How Colin became a CPSGT sleep tech
Finding the right Polysomnography Program
Focus Sleep School had the pleasure of instructing Colin Baugh during our May 2022 A-STEP Introductory Course. He is currently working as a Certified Polysomnographic Technician, CPSGT, in Louisiana.
Colin started working at a sleep lab in September 2022, roughly 3 months after completing both parts of A-STEP. Colin learned about this career path through someone who is living the life. His family member introduced him to the idea of pursuing Sleep as a career. Colin found the work schedule and success intriguing.
"Becoming a sleep tech was one of the best decisions I have ever made that not many people know about, I encourage anyone who is considering a career in sleep to dive right into training and Focus Sleep School is the place to do it!"Colin Baugh
How to become a sleep tech
He spent some time researching and discussing the job with others in the field and decided to take the leap with A-STEP. He describes the education and exams as relatively easy but finally applying his knowledge to working in the lab was a little difficult during his first month working with patients.
He decided to pursue the CPSGT credential prior to RPSGT and found that the A-STEP introductory course and the AASM A-STEP modules extremely helpful in passing the CPSGT exam. All these resources as well as his notes taken during the LIVE course made him confident and successful at passing the exam.
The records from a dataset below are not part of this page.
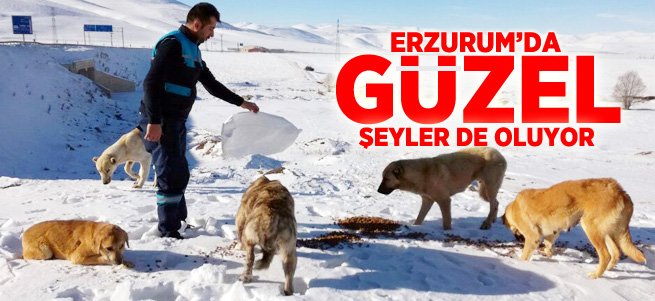 Büyükşehir yaban ve doğal hayatı koruyor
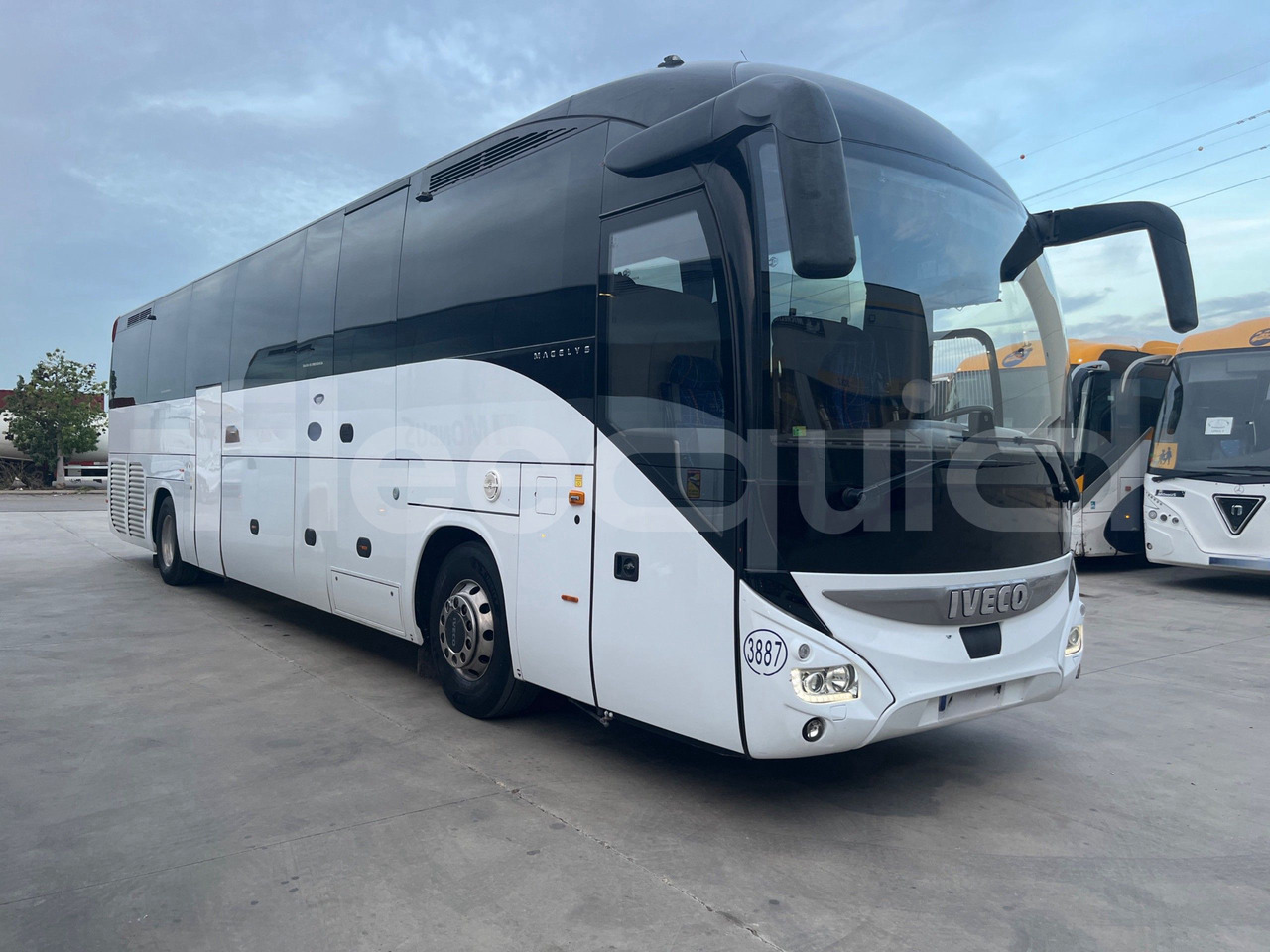 Iveco Magelys - Reisebus: das Bild 1 Iveco Magelys - Reisebus: das Bild 1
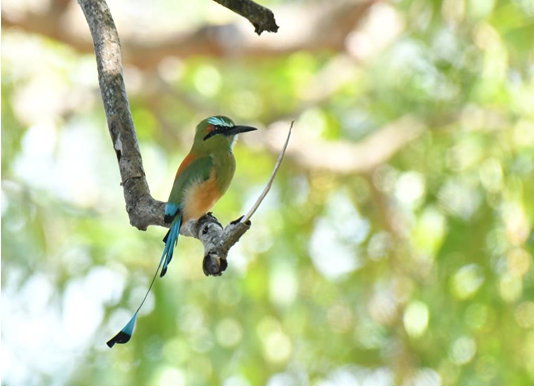 Nicaragua registra 247 especies en avistamiento nacional de aves migratorias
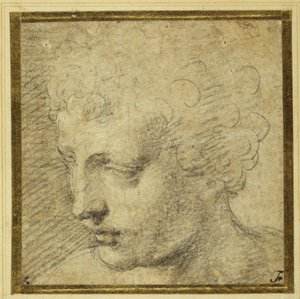 Head of a boy, nearly in profile to the left by Parmigianino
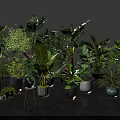 Indoor Home Potted Plants Collection With Various Green Leafy Species And Stylish Decorative Pots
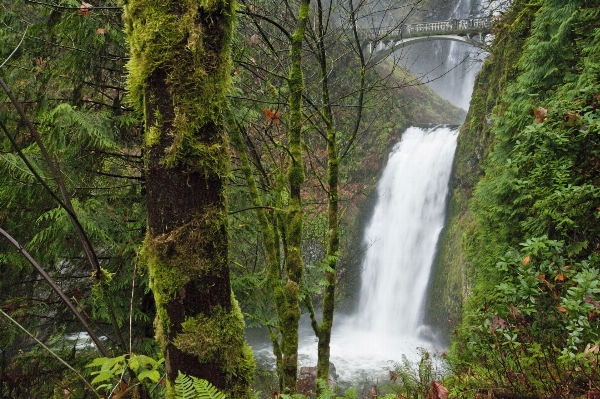 Landscape tree water nature Photo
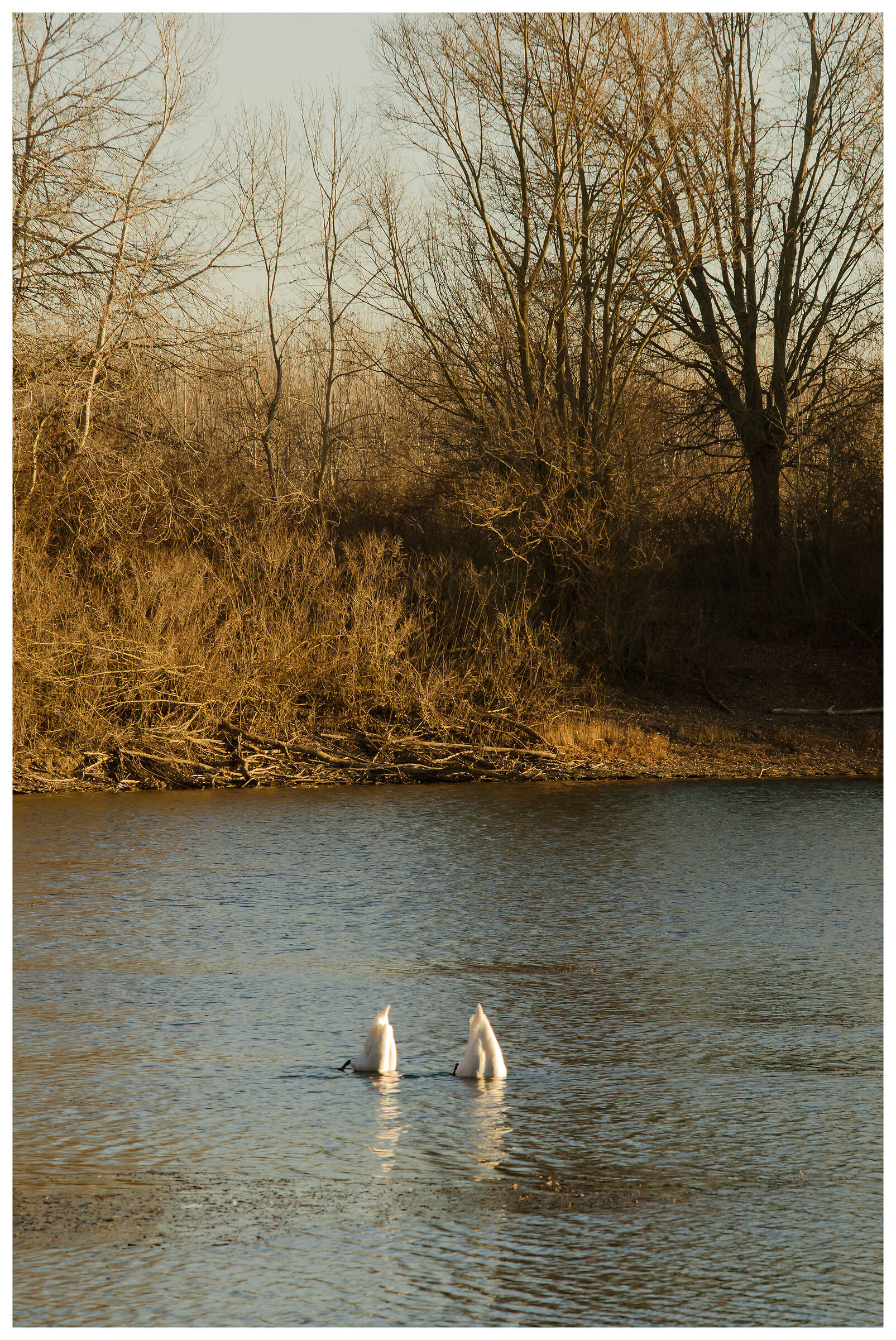 SYNCHRONIZED SWIMMING... SWANS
The CPSGT credential is not a requirement, but many organizations prefer their new hires to have at least this entry level credential to show their competence of the basics. The CPSGT is valid for 3 years and cannot be renewed. The expectation is that a CPSGT will actively pursue and pass the RPSGT exam within those 3 years. There are 3 pathways to this credential. Focus Sleep School can start a candidate on Pathway 3 and help students earn this credential prior to gaining experience.
What does a sleep tech do?
Colin starts his typical shift at 7pm by prepping home sleep test devices, reviewing patient fact sheets, and setting up patient rooms based on the ordered study. His patients arrive around 830 and he will apply the patient equipment setup process learned during A-STEP. After lights out and calibrations, notes are taken in 30-minute increments until around 5am when patients are awoken, disconnected, and equipment is cleaned.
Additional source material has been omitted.